Mais la lumière ne porte pas son fruit en nous sans notre mépris pour la ténèbre. Ce qui est sûr, en tout cas, c'est que la ténèbre elle-même ne porte pas de fruit. Nous sommes donc situés entre la souveraineté de la lumière, et la liberté de son fruit.

Enfin, nous sentons bien que nous sommes ici placés devant une façon de nous comprendre nous-mêmes. Nous sommes invités à nous situer au-delà ou en-deça, comme on voudra, d'une certaine opposition. Je précise cette opposition que nous avons à dépasser. Nous pourrions dire : nous sommes passifs à l'égard de la lumière puisque nous sommes éclairés, illuminés, rendus lumineux.  En revanche, nous serions actifs, puisqu'il y aurait des oeuvres. Passivité, parce que nous sommes éclairés ; activité parce que nous opérons. Eh bien, c'est cette opposition qui est balayée par ce texte.
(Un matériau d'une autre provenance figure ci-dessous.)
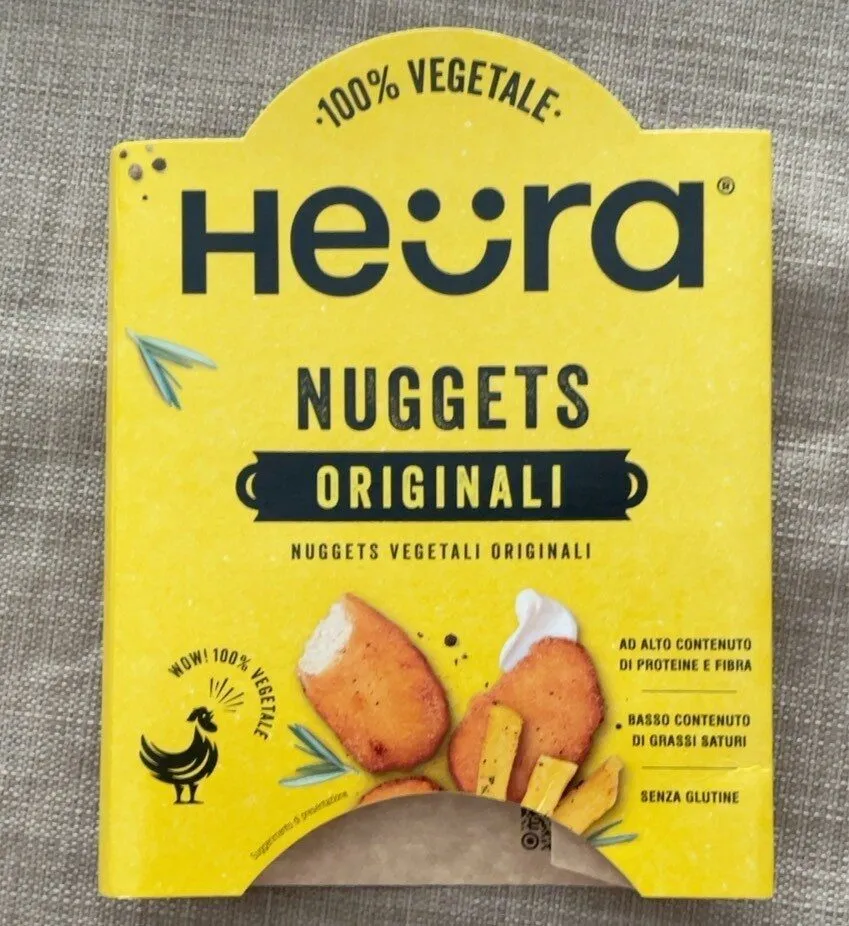 Nuggets vegetali originali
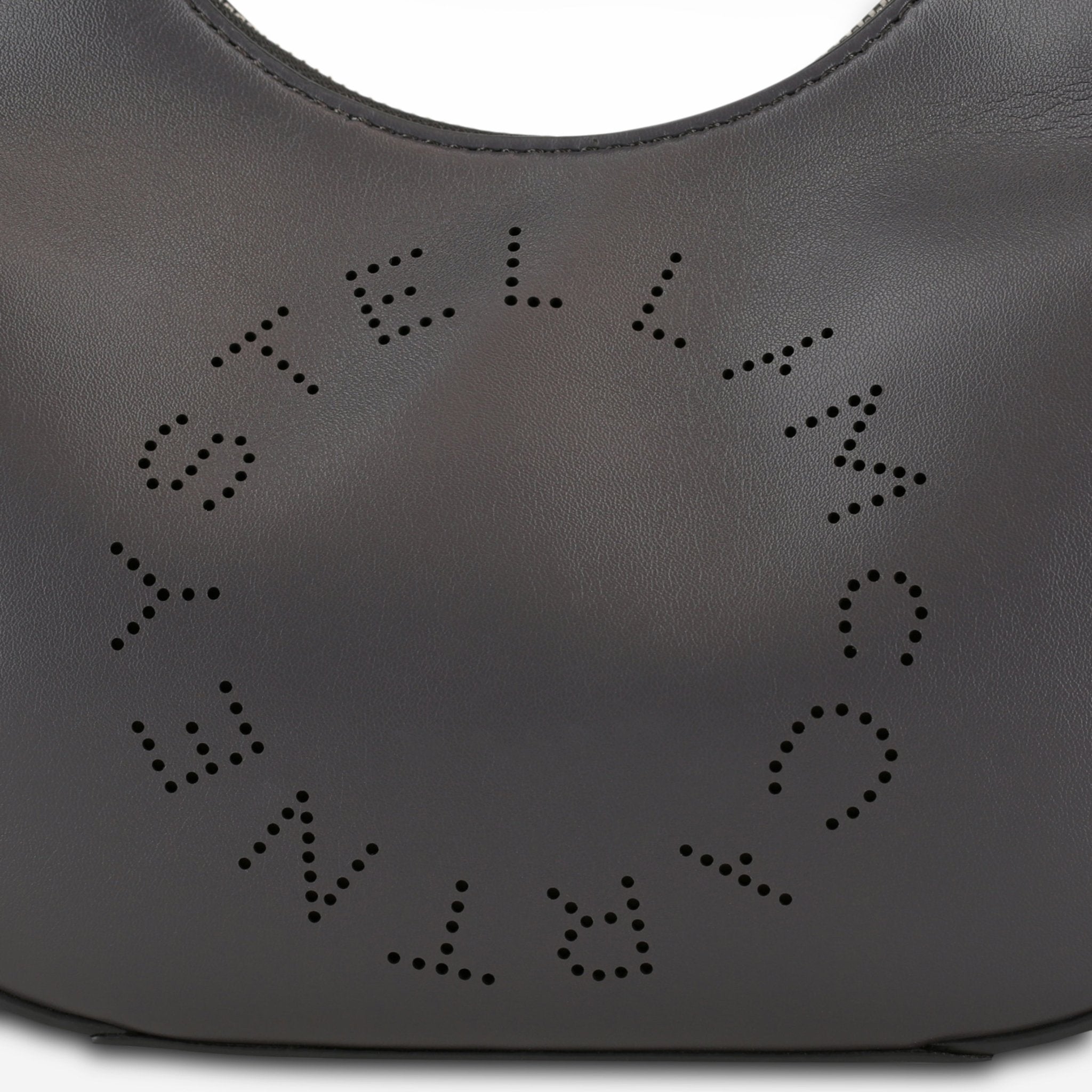 Stella McCartney Women's Dark Grey Logo Hobo Shoulder Bag 700269 - W8542 - 1164 - THE SOLIST - Stella McCartney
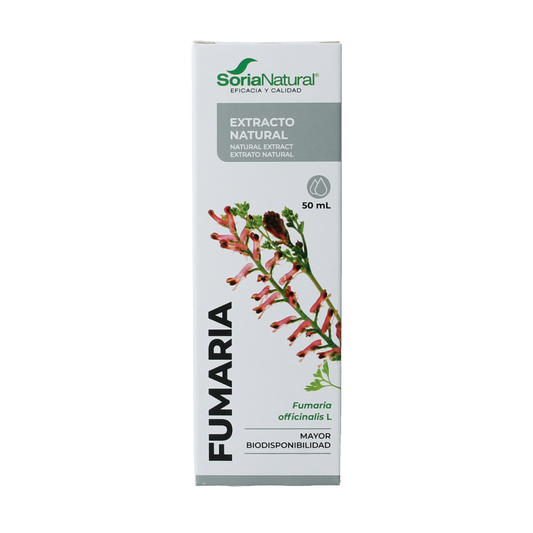 Soria Natural Fumaria officinalis extract 50.00 Milliliter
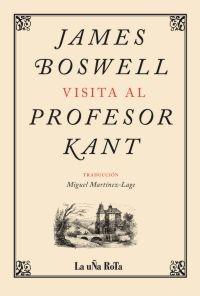 James Boswell Visita al Profesor Kant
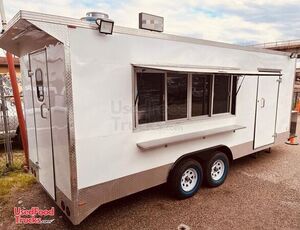 BRAND NEW 2023 8.5' x 20' Professional Mobile Kitchen / Food Vending Trailer.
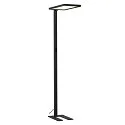 SLV Lampadaire WORKLIGHT haut bas, pour VDU, avec capteur, UGR < 19 IP20, noir  gradable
Cette opposition, d'une certaine façon, travaille ce passage, ou en tout cas la lecture que nous venons d'en faire. Or, cette opposition, ce texte l'envoie promener. Il nous place, au contraire, devant une souveraineté de la lumière, qui appelle notre soumission à la lumière, et qui, du coup, révèle notre liberté dans la lumière.